LONDON The political upheaval in Tunisia has dealt a heavy blow to planned stock and bond listings in the country and also has the potential to send rising portfolio flows across North Africa and the Gulf into reverse.
Repercussions from the violent protests that unseated the regime of President Zine-al-Abidine Ben Ali on Friday are being felt from Jordan to Morocco, with stock and currency markets falling and debt insurance costs surging across the region.
The first and biggest hit has of course been on Tunisia.
While the unseating of Ben Ali, who ruled Tunisia with an iron fist for more than two decades, is widely seen as a positive, the chaos has sent Tunisian stocks plunging 15 percent and the cost of insuring exposure to Tunisian debt has almost doubled since the start of the year.
"It will impact people's short-term investment strategies but from a long-term perspective what can come out of this can only be an improvement on what they had before," said Daniel Broby, chief investment officer at Silk Invest.
Tunisia started the process of appointing a new government on Monday but Broby, who is underweight Tunisia, said investors would need real political clarity before venturing in again.
Barclays forecast the immediate economic cost, falling tourism receipts and direct investment flows, would cut 2011 growth to 4 percent from 5 percent.
The Tunisian stock market is tiny, comprising just 0.7 percent of the MSCI frontiers index and with a market capitalisation of just 6 billion pounds -- a tenth of that of Egypt or Morocco.
But with a steadily growing economy and reasonably profitable companies -- including those that provide rare exposure to Algeria and Libya -- the bourse had been luring a steady trickle of fund inflows, with about 25 percent of the free float estimated to be in the hands of foreigners.
However, initial public offerings that were set to add liquidity and raise Tunisia's investment profile, are now almost certain to be delayed.
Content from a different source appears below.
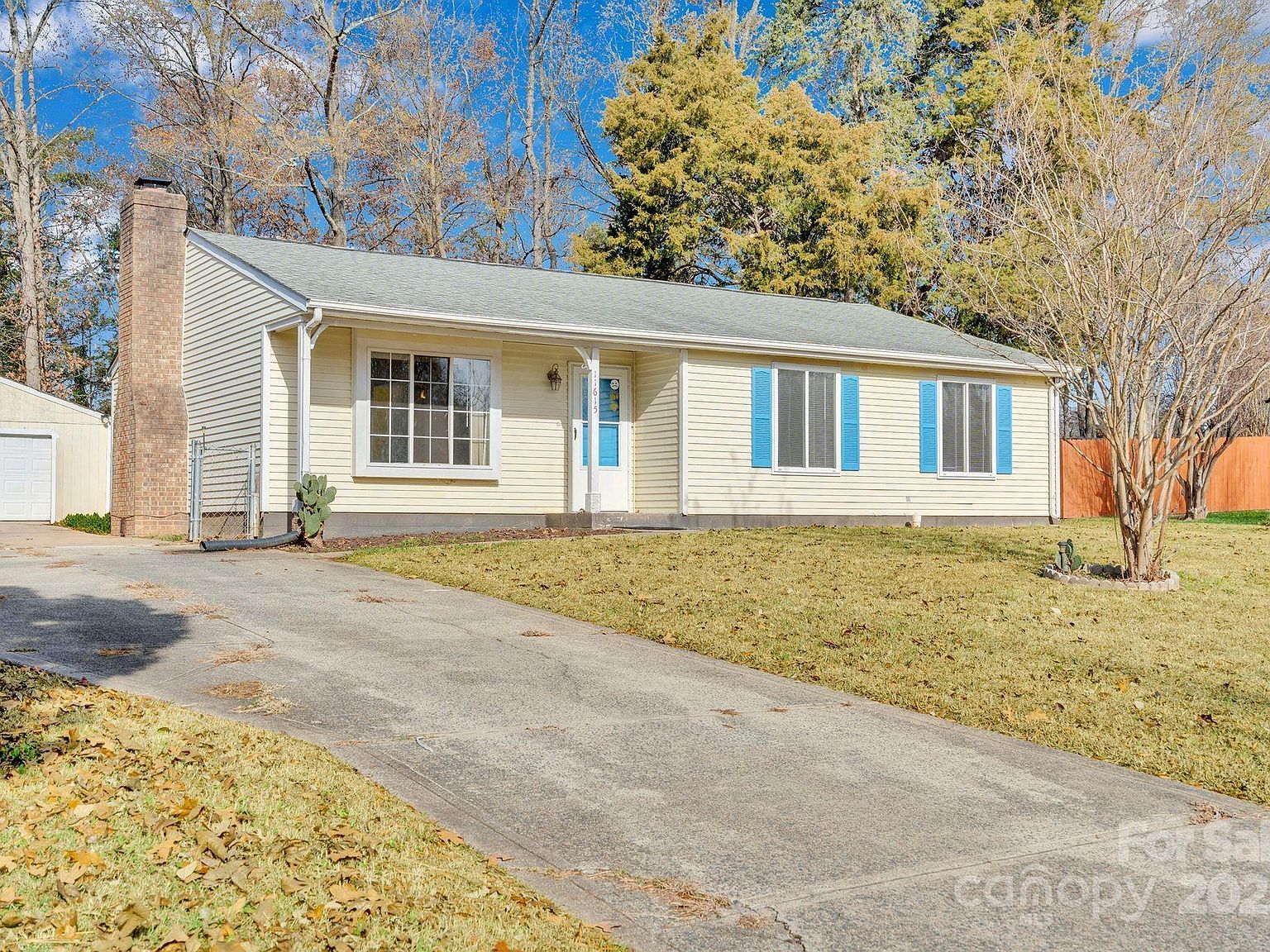 11615 Antebellum Dr Charlotte, NC 28273 - Thumbnail 2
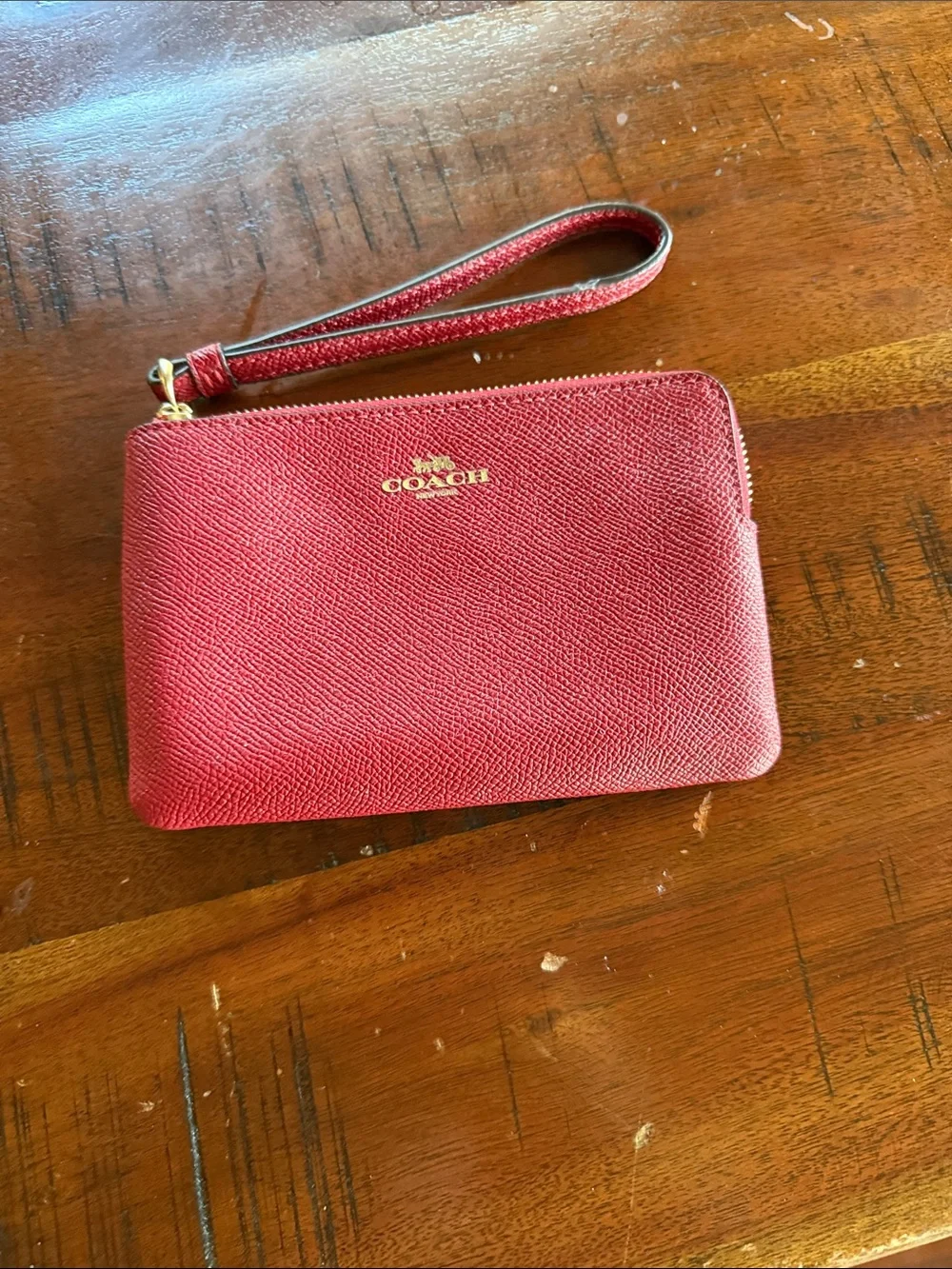 Coach Red Leather Wristlet great condition brand new ❤️❤️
State-run Tunisie Telecom, which had hoped to become the first Tunisian company to list in Europe via a listing in Paris, appears to have become the crisis' first victim.
The company was due to start meetings with European investors over the next week, but market participants were doubtful those would now go ahead.
"The advisors to the IPO will in our opinion have to err on the side of caution and delay to the second quarter or beyond," said Broby.
Arranging bank Credit Suisse declined to comment.
A few other companies were also expected to list in Tunisia this year following the stock market's 20 percent rally in 2010 and valuations that are above average for emerging markets.
Another likely casualty is Tunisia's first Eurobond in two years, which was planned for early 2011, part of Tunis' plans to borrow 1.7 billion pounds in total this year.
But with the risk of credit ratings downgrades, there is little chance the issue can go ahead before the political situation stabilises and debt insurance costs return to normal.
"Clearly, the government will have to revisit those plans," said Richard Segal, director of emerging markets at Knight Capital.
Foreigners smarting from losses on Tunisia are also becoming wary that similar events to those of recent days could unfold across neighbouring countries, with the potential to hurt their much larger allocations in other North African and Gulf states.
The Middle East and North Africa (MENA) region has become popular with portfolio investors in recent years despite thin liquidity and restrictions on foreigners in many countries.
"This does make a difference in Tunisia and makes you wary of the rest of North Africa, especially where you have one leader in place for a long time," said Oliver Bell, senior investment manager at Pictet. "People are going to be wary of allocating more capital."
Tunisia's economic and demographic challenges are not unique in MENA where population growth is outpacing economic growth everywhere and average youth unemployment is almost 30 percent. That compares to 16-17 percent youth unemployment rates in Latin America and eastern Europe, World Bank data shows.
"The risk of a spillover of Tunisia's crisis to the rest of MENA is not negligible in our view," Barclays analysts said in a note, advising caution on Egypt and Jordan in particular.
BNP Paribas suggested taking a negative view on North Africa via a short Egyptian pound position on a three-month non-deliverable forward basis, betting the pound will depreciate nearly 5 percent to 6.10 per dollar.
Bell sold out of his Tunisian holdings shortly before the new year and, more significantly, he is also underweight regional giant Egypt which has generally been a favourite with investors but faces elections later this year.
Egyptian President Hosni Mubarak, 82, has been in power for almost 30 years and is widely expected to stand again in a September election. Fears of spreading unrest pushed Egypt's currency to six-year lows against the dollar on Monday while stocks fell 2.4 percent, their biggest daily loss in seven months.
"If alarm bells start ringing in Egypt, there's potential for quite a lot of money to come out," Bell said.